What you are asked to do: Only the stretch below from the line holding "TAKARA TOMY WBBA" through the line holding "bij bootjemet 3.5pk" should be restated, word for word and with both ends included; pictures stay out.
[Opening Data shown section]
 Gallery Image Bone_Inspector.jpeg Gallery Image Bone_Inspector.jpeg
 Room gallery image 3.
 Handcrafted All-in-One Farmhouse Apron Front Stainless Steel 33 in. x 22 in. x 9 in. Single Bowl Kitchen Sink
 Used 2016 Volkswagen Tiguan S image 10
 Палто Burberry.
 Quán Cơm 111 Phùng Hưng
[Closing Data shown section]
[Opening Data shown section]
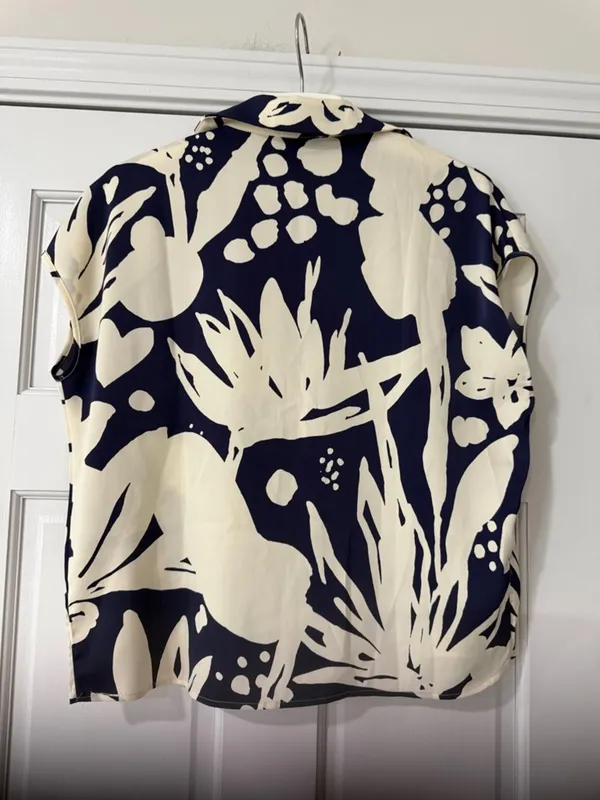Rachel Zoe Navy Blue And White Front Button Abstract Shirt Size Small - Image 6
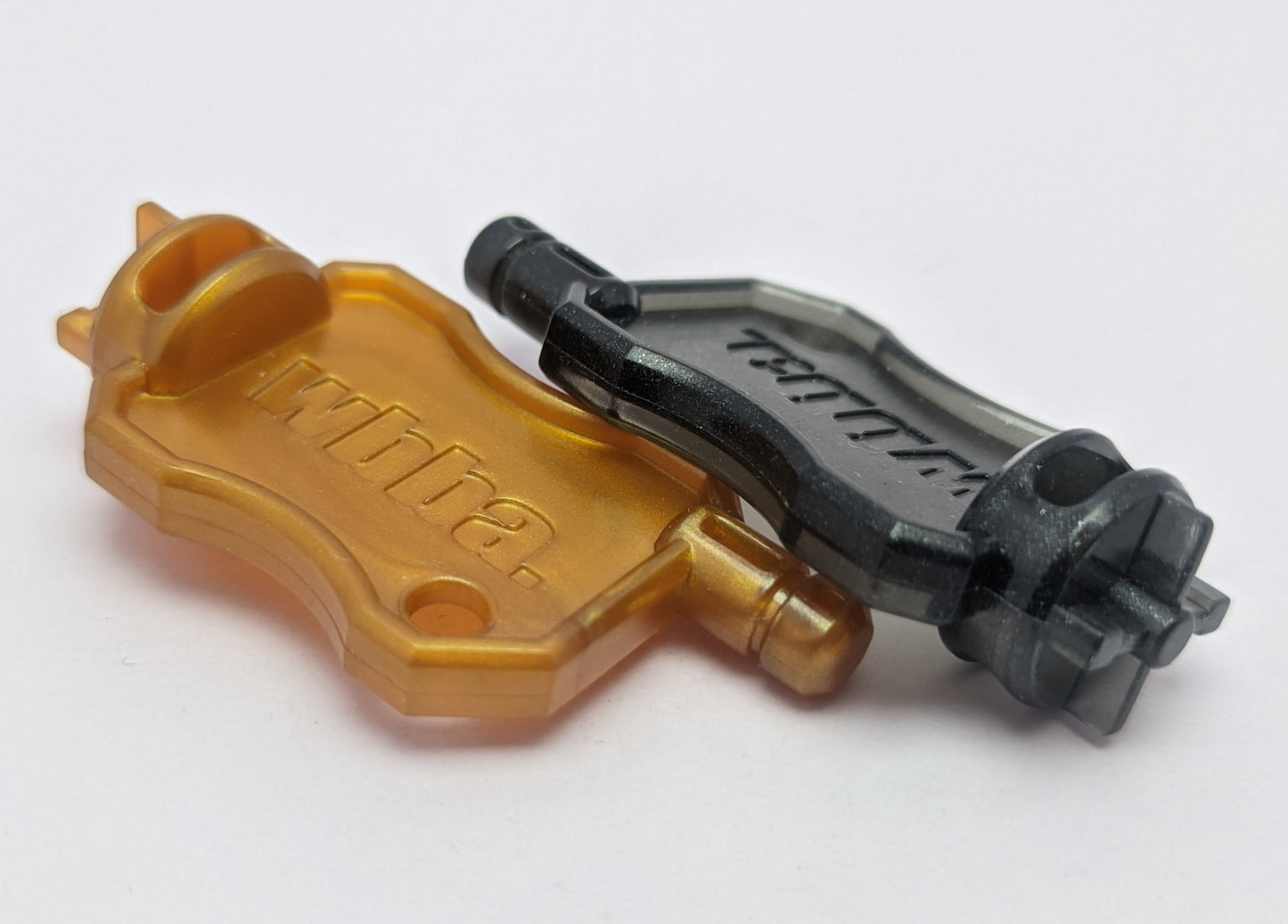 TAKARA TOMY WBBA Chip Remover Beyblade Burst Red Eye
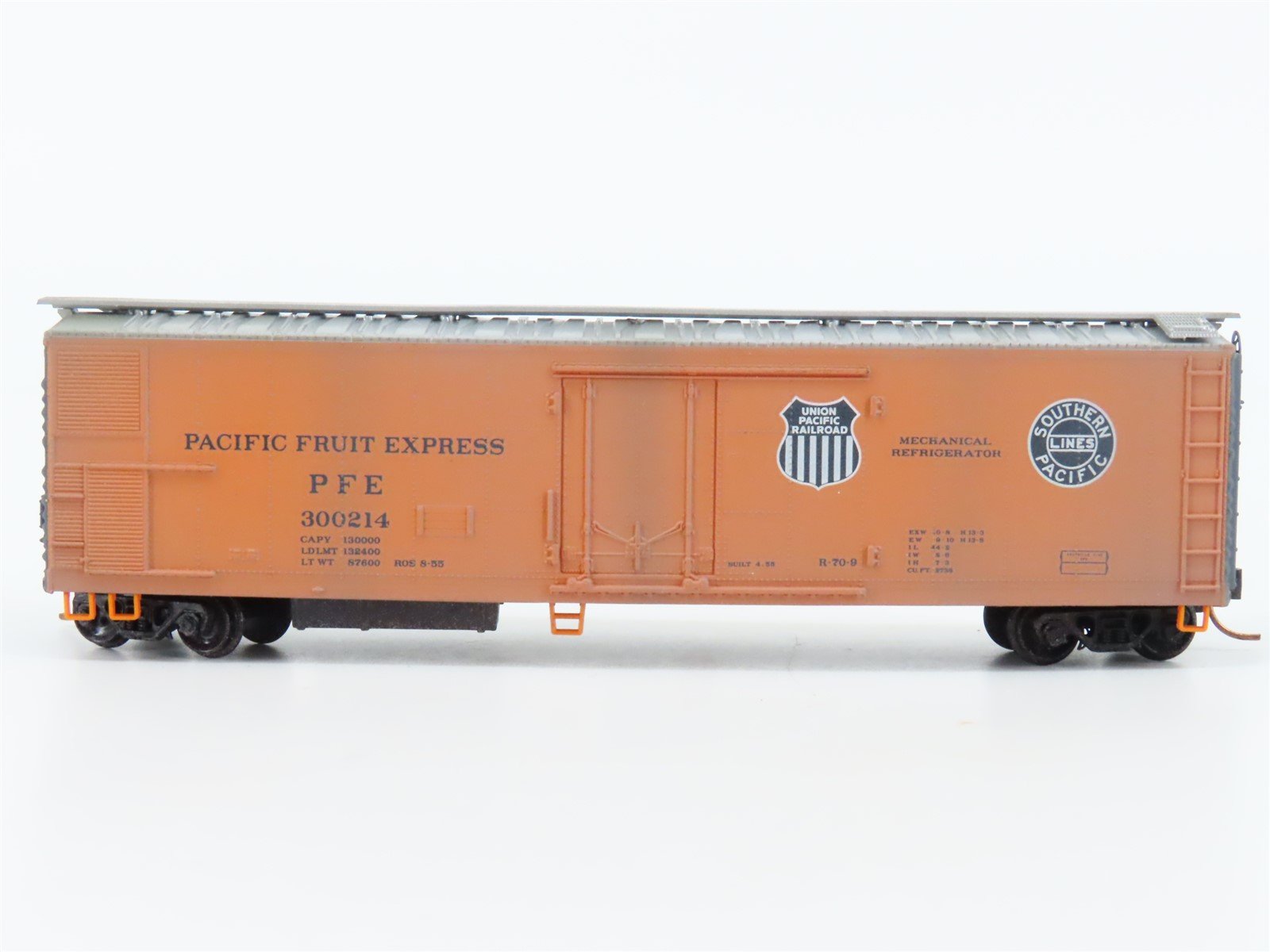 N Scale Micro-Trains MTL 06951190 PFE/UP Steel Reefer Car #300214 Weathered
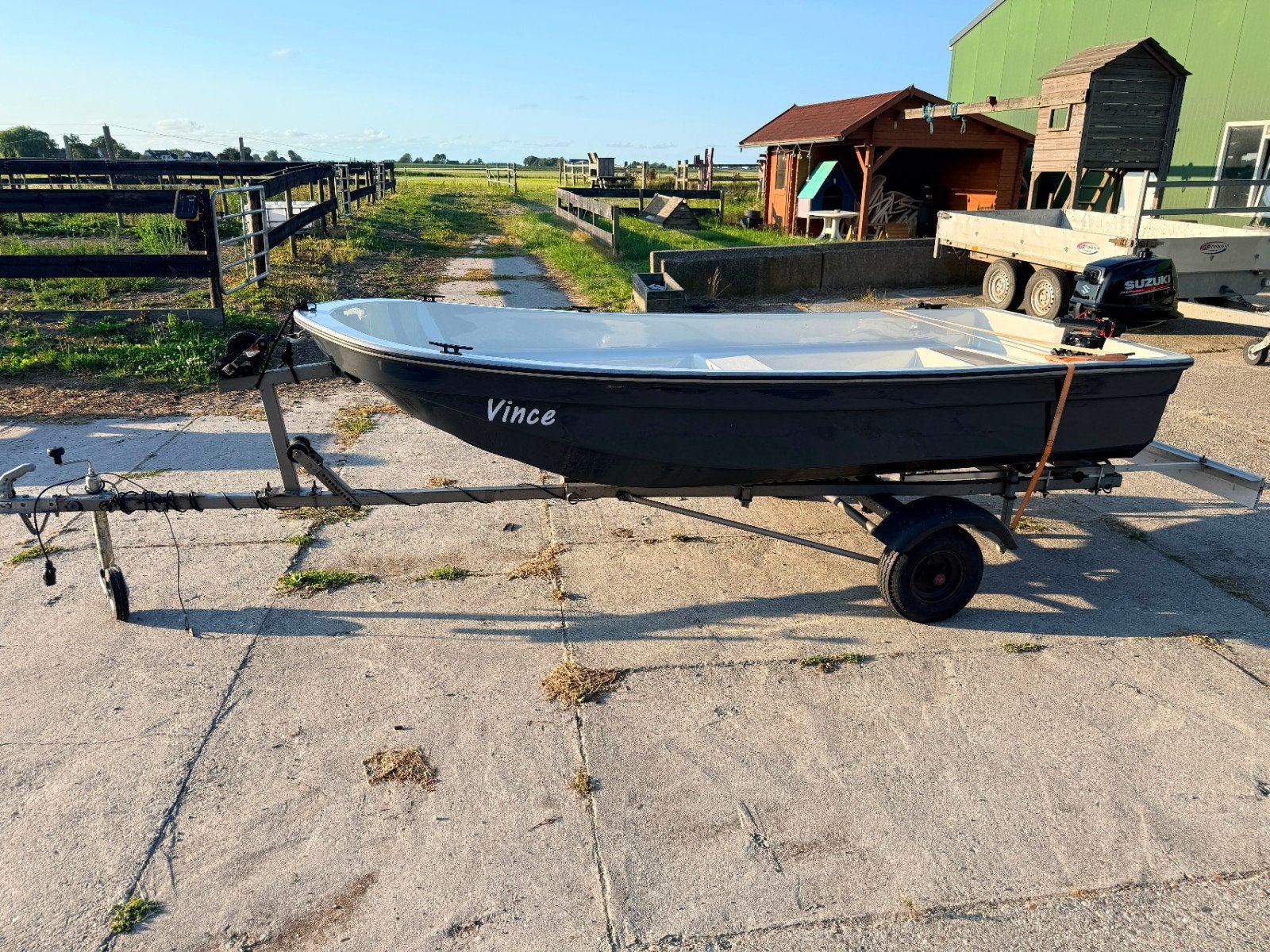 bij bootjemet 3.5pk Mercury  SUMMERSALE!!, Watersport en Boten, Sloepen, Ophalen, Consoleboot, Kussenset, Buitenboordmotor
[Closing Data shown section]
[Opening Data shown section]
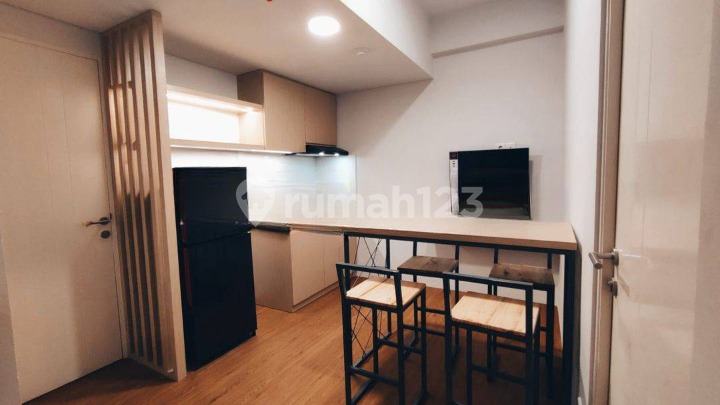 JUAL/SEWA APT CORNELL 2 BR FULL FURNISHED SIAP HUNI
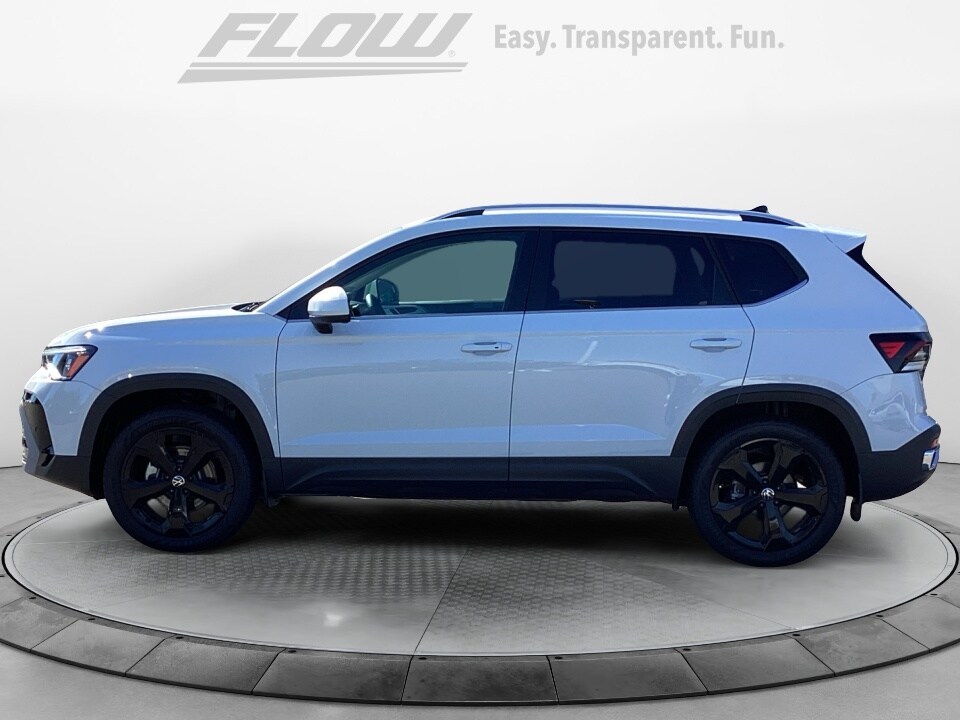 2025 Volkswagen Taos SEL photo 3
[Closing Data shown section]
Exercise response:
 TAKARA TOMY WBBA Chip Remover Beyblade Burst Red Eye
 N Scale Micro-Trains MTL 06951190 PFE/UP Steel Reefer Car #300214 Weathered
 bij bootjemet 3.5pk Mercury  SUMMERSALE!!, Watersport en Boten, Sloepen, Ophalen, Consoleboot, Kussenset, Buitenboordmotor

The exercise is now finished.